◆ **Your task**: Word for word, set down the records and skip each picture.

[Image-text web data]
------------------------------
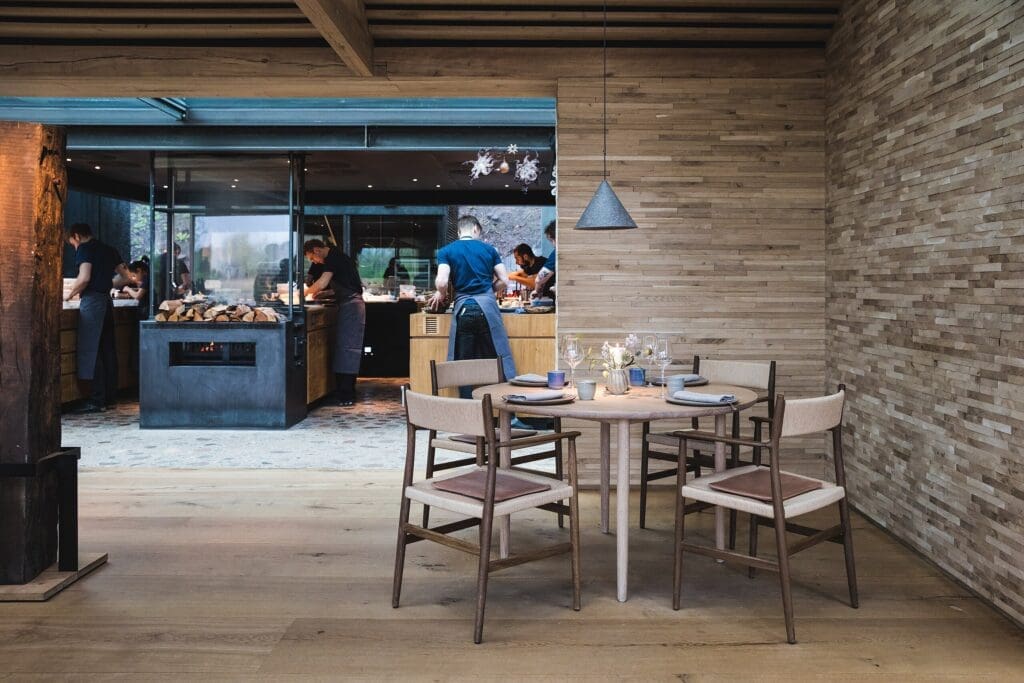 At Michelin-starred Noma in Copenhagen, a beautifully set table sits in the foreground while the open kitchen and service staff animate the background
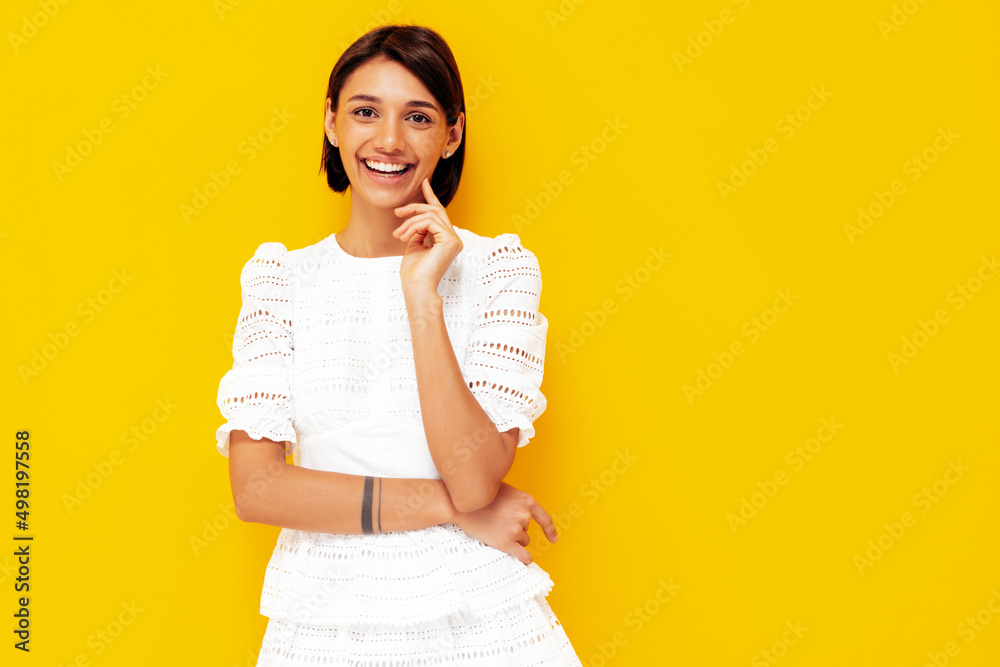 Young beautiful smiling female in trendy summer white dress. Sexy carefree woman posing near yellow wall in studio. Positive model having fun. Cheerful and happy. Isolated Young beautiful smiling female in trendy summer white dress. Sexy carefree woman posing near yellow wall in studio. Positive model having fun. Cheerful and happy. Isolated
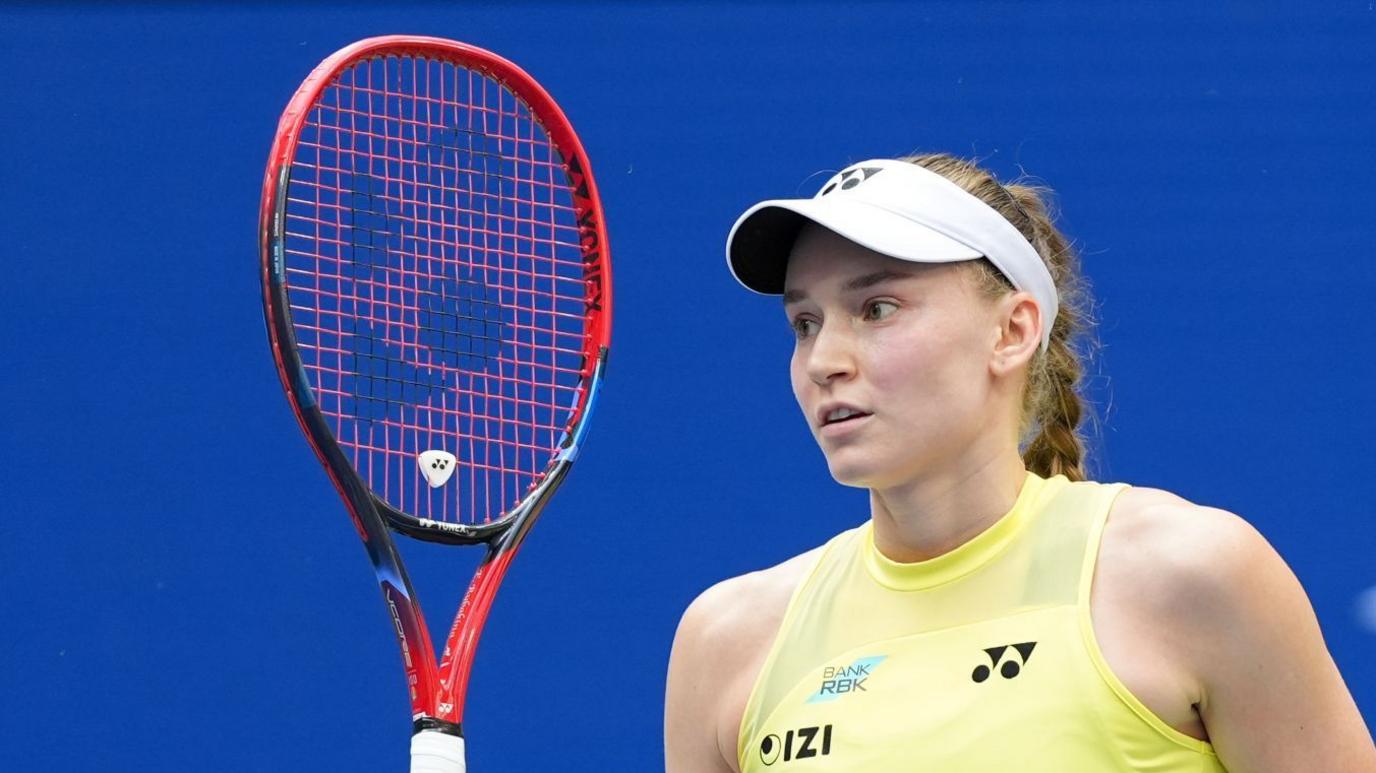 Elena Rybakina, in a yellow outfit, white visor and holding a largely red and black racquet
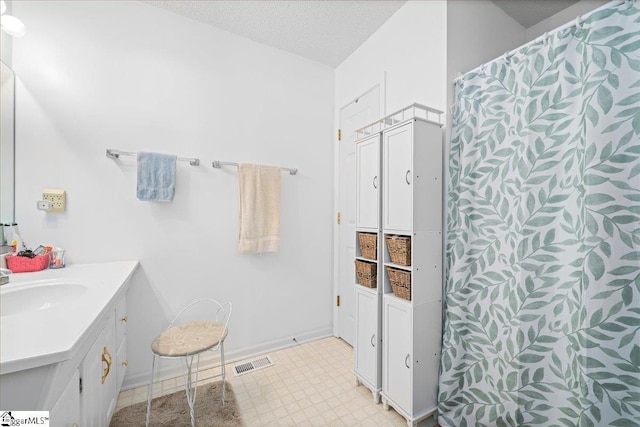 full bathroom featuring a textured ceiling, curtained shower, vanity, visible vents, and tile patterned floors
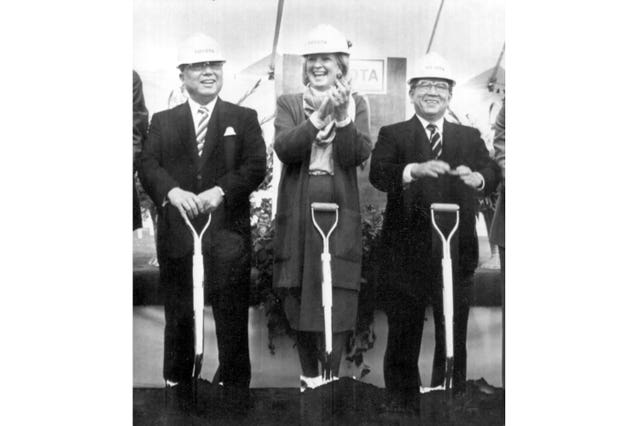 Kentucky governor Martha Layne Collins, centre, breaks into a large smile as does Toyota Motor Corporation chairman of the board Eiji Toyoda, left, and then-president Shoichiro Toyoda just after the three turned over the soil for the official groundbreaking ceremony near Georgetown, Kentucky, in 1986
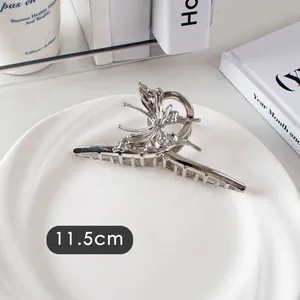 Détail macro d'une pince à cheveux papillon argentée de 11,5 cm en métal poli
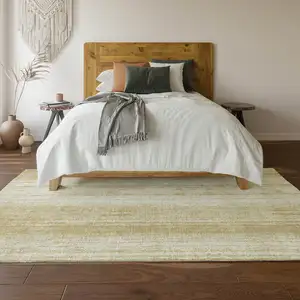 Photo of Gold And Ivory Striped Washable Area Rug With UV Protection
------------------------------
◆ **Finished task**:
 At Michelin-starred Noma in Copenhagen, a beautifully set table sits in the foreground while the open kitchen and service staff animate the background
 Young beautiful smiling female in trendy summer white dress. Sexy carefree woman posing near yellow wall in studio. Positive model having fun. Cheerful and happy. Isolated Young beautiful smiling female in trendy summer white dress. Sexy carefree woman posing near yellow wall in studio. Positive model having fun. Cheerful and happy. Isolated
 Elena Rybakina, in a yellow outfit, white visor and holding a largely red and black racquet
 full bathroom featuring a textured ceiling, curtained shower, vanity, visible vents, and tile patterned floors
 Kentucky governor Martha Layne Collins, centre, breaks into a large smile as does Toyota Motor Corporation chairman of the board Eiji Toyoda, left, and then-president Shoichiro Toyoda just after the three turned over the soil for the official groundbreaking ceremony near Georgetown, Kentucky, in 1986
 Détail macro d'une pince à cheveux papillon argentée de 11,5 cm en métal poli
 Photo of Gold And Ivory Striped Washable Area Rug With UV Protection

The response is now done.